Monday, 23 December 2024
Why is there a need to collaborate internationally?
We’ve been pioneers in the nuclear industry for decades. But that doesn’t mean we should stop learning. Collaborating with our international network means we’re exposed to a much broader range of thinking. We can learn from each other and get the best from the huge reservoir of knowledge that’s been developed around the world. The evidence base and arguments we use to support our claims of safety are far more robust when they draw from multiple sources and are subject to cross examination from the best brains in the field. It’s also good to be challenged. It keeps our thinking fresh.
It’s important for people early in their careers to work with more experienced programmes and with more experienced people. When they bring their evidence to the international arena it will be scrutinised by the best in the world. That sets a gold standard and challenges them to be at the top of their game.
It also gives us the chance to recruit, and at a time when we are facing a nuclear skills gap, that is vital. By working internationally, we can periodically “swap” experts with secondments. On these visits, they’ll work in a specific area for a long time to bring more knowledge, experience and understanding back home. They will also be exposed to different cultural professional approaches to research programmes. This mutual understanding will help to build and sustain these vital international relationships and give them a fresh perspective.

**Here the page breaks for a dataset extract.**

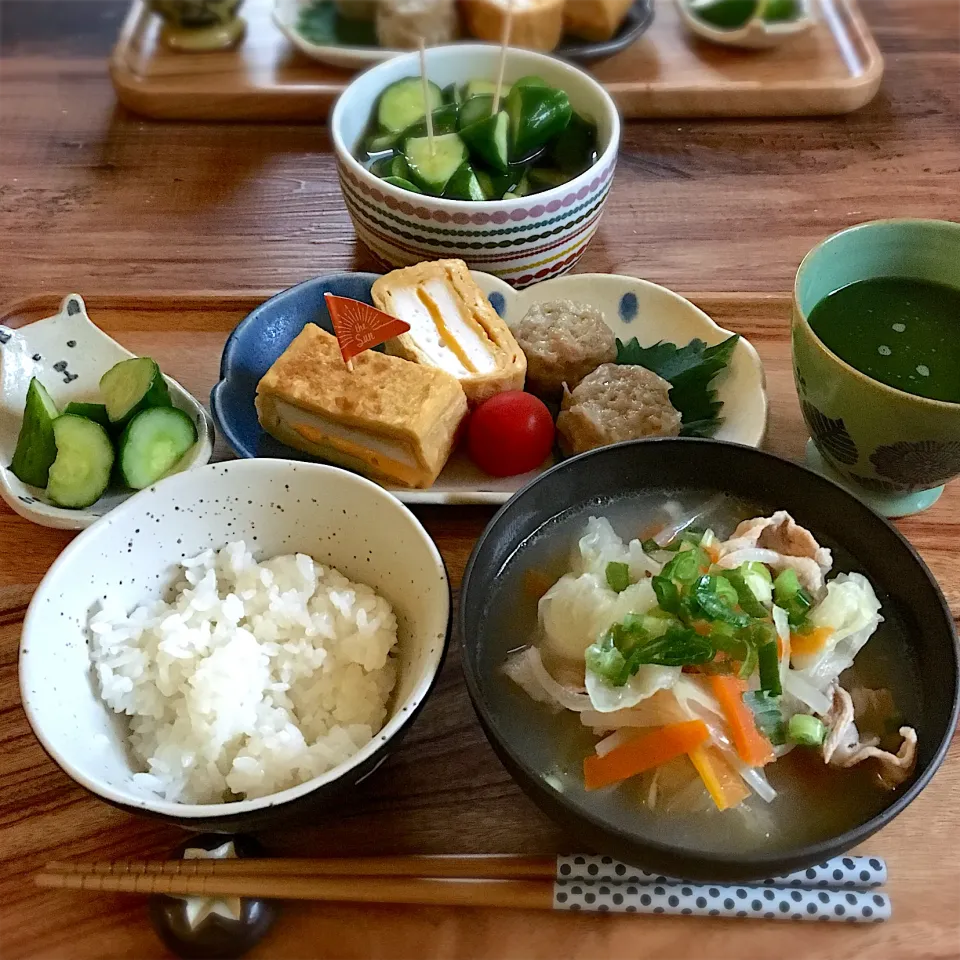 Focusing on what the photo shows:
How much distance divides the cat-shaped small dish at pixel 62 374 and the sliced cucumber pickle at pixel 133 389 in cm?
5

When I give talks, I always say we are not alone in our endeavour. The professional relationships we develop internationally means we can support each other in our goal to make nuclear waste permanently safe, sooner.
How do you collaborate?
The Geological Disposal Facility (GDF) programme is an international effort. More than 20 countries across the world are trying to develop a GDF. The most advanced is in Finland. It is expected to achieve the world first disposal of spent nuclear fuel by the end of the decade. Each GDF is likely to be the first (and only) of its kind in each nation state and its construction is very different to building an aircraft or submarine, for example. Every few decades engineers design new classes of submarines which are iterations on what came before. They build on the learning from the previous class and transfer it into the new class so they can build better submarines over time. But a GDF is a different kind of proposition.
That is why we have to learn through experiments and knowledge sharing, so that the design is right and the facility can be adapted over its lifetime. A lot of our experiments need to be run in a prototype environment in an underground research laboratory. But the best instruments and facilities for these experiments are one of a kind and expensive to build. We use relevant underground laboratories around the world, working with international teams, to undertake this kind of work, sharing cost and knowledge. This kind of collaboration is an essential part of developing the evidence base and technology to deliver.
Our partners in France and Switzerland, among others, are another great resource. The geologies they are looking to develop in are similar – for example France is developing its GDF in a clay geology similar to that of interest in the UK. That is why we have such a close technical relationship. We can also draw on technical learning from Sweden and Finland around pivoting from a scientific organisation into a delivery organisation and then an operating organisation as the building of our GDF moves through different phases. We can use their example to learn how we can build positive working relationships with communities too.
What kind of experiments do you run in underground laboratories?
Nuclear Waste Services staff in Switzerland (Image: NWS)
We’re running an experiment in Switzerland’s Mont Terri underground laboratory. The experiment, called HotBent, will help us determine whether we can pack High Heat Generating Waste (HHGW) more efficiently in the GDF. Our High Heat Generating Waste (HHGW) packages, like high level waste glass, could be emplaced horizontally in tunnels, within a lower strength sedimentary rock. The packages will be surrounded by a swelling natural clay, bentonite, which will seal them in place, protecting them. The HHGW will heat the surrounding bentonite clay and we need to ensure that the temperature does not rise to too much, otherwise its swelling characteristics could be affected. So, one aim of the HotBent experiment is to determine whether bentonite clay can sustain higher temperatures, at realistic scales, and in real conditions.
This information will help us to optimise the layout of the GDF and HHGW container spacing, which could translate into substantial saving in time, cost, and excavation, without any compromise in safety. So, you can see just how important these international facilities are. We need to verify and validate our disposal concepts through tests at realistic scale and in real environments. Laboratory work is very important, but in this context it only goes so far. Thanks to our strong relationships with international counterpart organisations, we can run these experiments in existing facilities which are relevant to our GDF design, without needing to develop our own underground research laboratory at this point.
What does international collaboration mean to you?
Communication and relationships are so important to progression in science. It takes dedication, it takes effort. And not just from me, from all of us. We all want the same thing – to keep people safe for hundreds of thousands of years.
When you consider we’ve only been on the planet for 300,000 years, you get a sense of the enormity of our work. Nuclear waste doesn’t know anything about international borders so we need to connect, human to human, to build relationships that will help us implement the technical solutions to make nuclear waste permanently safe, sooner.